ASSIGNED TASK – Any image found in the entries is to be skipped; the rest is returned word for word.
[DATA PROVIDED — start]
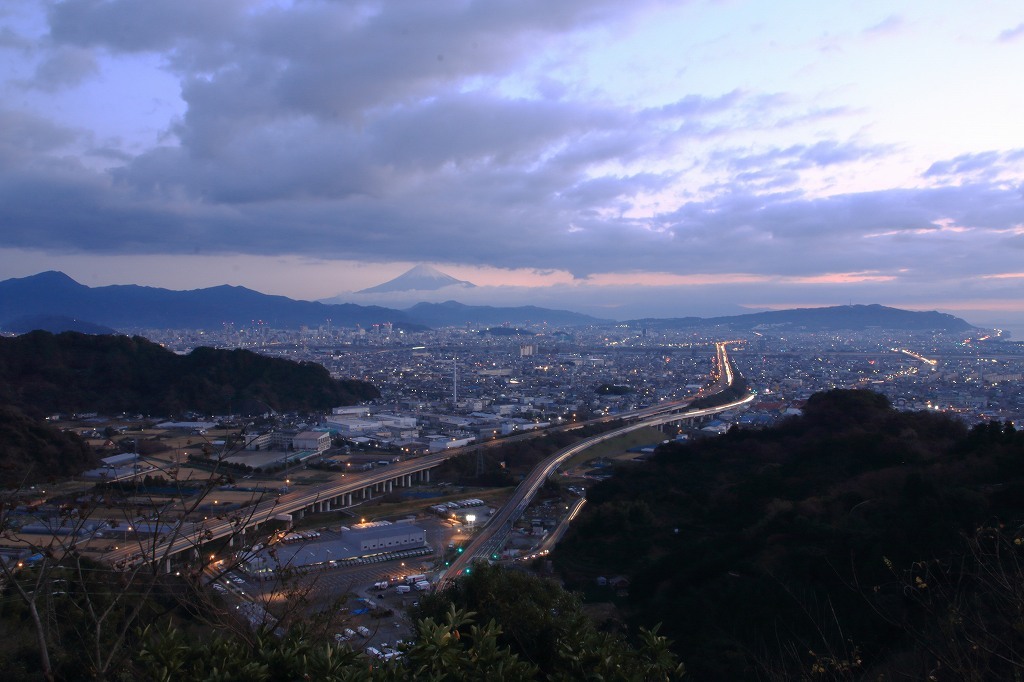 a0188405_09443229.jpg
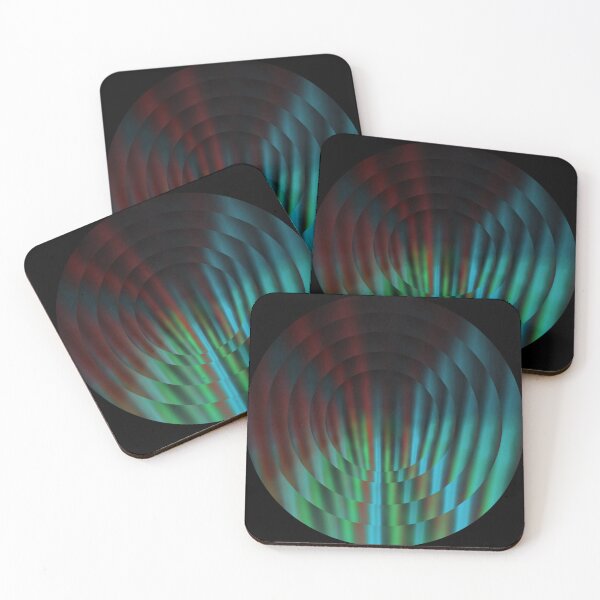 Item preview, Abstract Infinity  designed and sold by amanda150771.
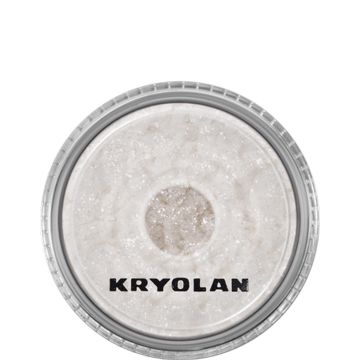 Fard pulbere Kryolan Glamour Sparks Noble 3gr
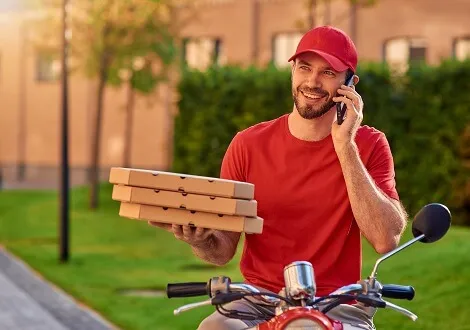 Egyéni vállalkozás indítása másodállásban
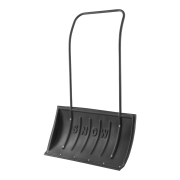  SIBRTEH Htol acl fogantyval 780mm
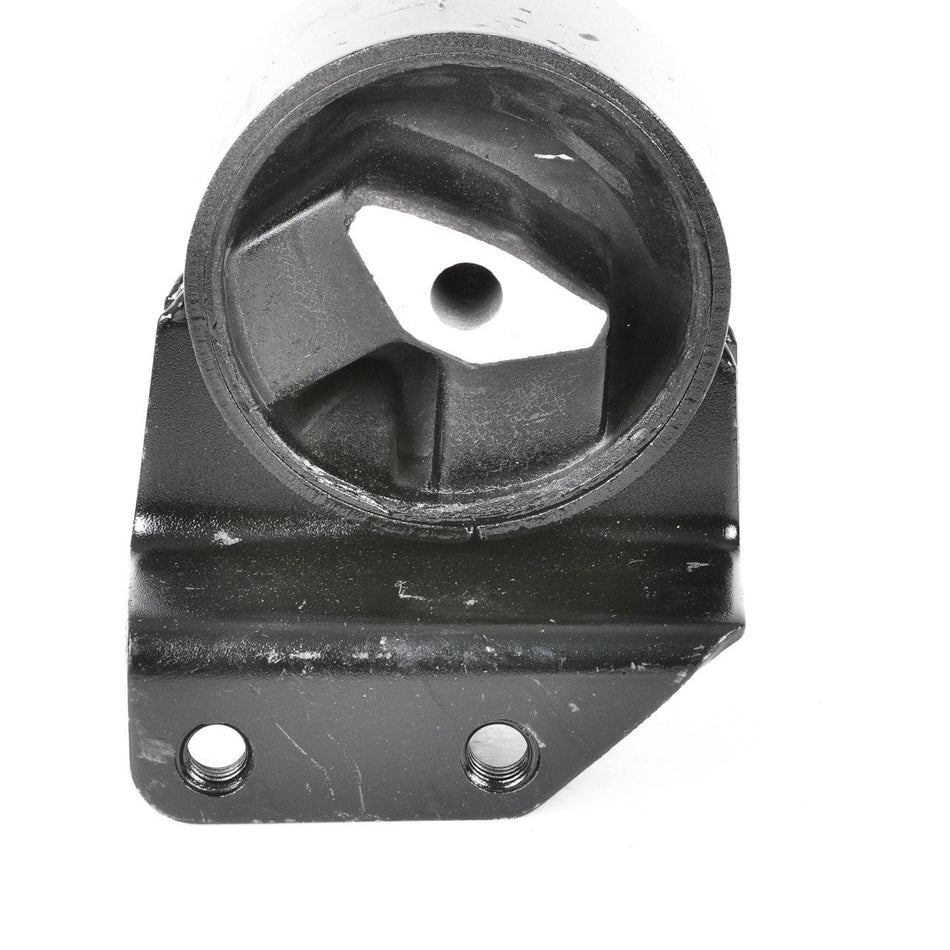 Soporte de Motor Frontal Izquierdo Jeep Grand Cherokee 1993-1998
[DATA PROVIDED — finish]
SOLUTION FOR THIS TASK –
 a0188405_09443229.jpg
 Item preview, Abstract Infinity  designed and sold by amanda150771.
 Fard pulbere Kryolan Glamour Sparks Noble 3gr
 Egyéni vállalkozás indítása másodállásban
  SIBRTEH Htol acl fogantyval 780mm
 Soporte de Motor Frontal Izquierdo Jeep Grand Cherokee 1993-1998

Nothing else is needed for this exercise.